PHNOM PENH--In an open letter published March 22, the Prey Lang Community Network (PLCN) wrote that they were “appalled” by recent statements from USAID that suggested the US development agency has been working directly with the PLCN to conserve Prey Lang Wildlife Sanctuary.



“We, the PLCN, were appalled to see that USAID in a recent statement claims to ‘work directly with the PLCN.’ We have never seen USAID coming to talk to us. USAID never informed us about the purpose of their Greening Prey Lang project,” the letter read.



Estimated to have some 400 active members spread across Kratie, Stung Treng, Kampong Thom and Preah Vihear provinces, the PLCN have long patrolled and protected Prey Lang Wildlife Sanctuary—one of the largest old-growth forests in all of Southeast Asia.



The continued threat of logging prompted the government to grant Prey Lang “protected area” status in 2016, a move that was supposed to preserve the conservation site that officially spans 431,683 hectares. Satellite imagery and data gathered by the PLCN has shown that quite the opposite has happened, with 2016 ranking as one of the worst years on record for illegal logging in Prey Lang.



The PLCN’s consistent efforts to expose illegal logging activity and the connections they have been able to make to powerful tycoons with government connections has put them at odds with the Ministry of Environment and then subsequently USAID.



“USAID has never asked us if we agree to what they are doing on our ancestral forest lands.

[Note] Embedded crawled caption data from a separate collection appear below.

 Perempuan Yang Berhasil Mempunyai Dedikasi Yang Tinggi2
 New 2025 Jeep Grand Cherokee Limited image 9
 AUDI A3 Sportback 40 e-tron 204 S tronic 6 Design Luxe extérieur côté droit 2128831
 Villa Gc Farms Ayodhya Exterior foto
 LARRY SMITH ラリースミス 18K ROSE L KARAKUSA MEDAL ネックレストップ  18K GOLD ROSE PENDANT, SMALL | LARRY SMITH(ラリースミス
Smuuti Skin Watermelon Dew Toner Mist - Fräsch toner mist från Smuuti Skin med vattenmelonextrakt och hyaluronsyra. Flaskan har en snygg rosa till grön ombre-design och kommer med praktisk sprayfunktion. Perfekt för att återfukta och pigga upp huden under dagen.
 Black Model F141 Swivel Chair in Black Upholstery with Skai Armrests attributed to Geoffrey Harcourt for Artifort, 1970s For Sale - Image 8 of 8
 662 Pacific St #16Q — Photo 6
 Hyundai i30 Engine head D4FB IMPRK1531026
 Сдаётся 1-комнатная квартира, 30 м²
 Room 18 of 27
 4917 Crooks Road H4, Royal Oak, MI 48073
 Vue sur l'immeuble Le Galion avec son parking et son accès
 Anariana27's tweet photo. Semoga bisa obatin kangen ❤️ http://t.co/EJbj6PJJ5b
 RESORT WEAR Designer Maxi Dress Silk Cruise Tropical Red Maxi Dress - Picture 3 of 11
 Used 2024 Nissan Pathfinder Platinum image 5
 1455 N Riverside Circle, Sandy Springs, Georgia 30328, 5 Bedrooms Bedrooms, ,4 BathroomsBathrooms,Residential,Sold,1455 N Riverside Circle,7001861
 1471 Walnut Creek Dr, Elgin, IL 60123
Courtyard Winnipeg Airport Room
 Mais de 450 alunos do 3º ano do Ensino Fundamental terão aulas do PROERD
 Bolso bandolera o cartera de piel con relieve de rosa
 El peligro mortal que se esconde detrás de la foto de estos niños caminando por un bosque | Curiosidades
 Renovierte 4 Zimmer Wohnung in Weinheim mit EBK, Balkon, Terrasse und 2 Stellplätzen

We have never received any financial or technical support from USAID,” the PLCN wrote.



Officially launched in April 2019, the USAID-Ministry of Environment joint project Greening Prey Lang is set to run for five years with a budget of $21 million—a sum that aimed to improve the governance of natural resources in Prey Lang.



Prey Lang Continues to Disappear, Despite Conservation Efforts



However, nearly two years in and deforestation remains rampant in Prey Lang, a report published by the PLCN and researchers from the University of Copenhagen suggested.



The report, published on Feb. 27, analyzed data from June 2019 to June 2020 and found that during this period Prey Lang lost 7,570 hectares of forest cover.



“Forest loss in 2019 was only superseded by the monumental forest destruction of 2016,” the report stated, adding that the rate of deforestation saw CO2 emissions from Prey Lang increase 73 percent between 2018 and 2019.



The 14-page report detailed corruption, nepotism and a crackdown on the PLCN’s ability to patrol the forests, who reported that chainsaws confiscated from illegal loggers had been handed over the Ministry of Environment, only to be redistributed to loggers once more.



It also lamented the Ministry of Environment’s decision to ban the PLCN from patrolling Prey Lang in February 2020, arguing that this move directly led to a significant increase in logging activity. The same month, prominent environmentalist Ouch Leng, along with four other activists, were detained, sent to court and eventually released without charge for attempting to enter Prey Lang’s core area.



“We have faced threats from loggers that we would not see our families again, as well as threats of violence and arrest by the authorities. We have experienced accidents, violent attacks and even death,” the PLCN wrote in their letter to USAID, adding that the Ministry of Environment was behind the threats.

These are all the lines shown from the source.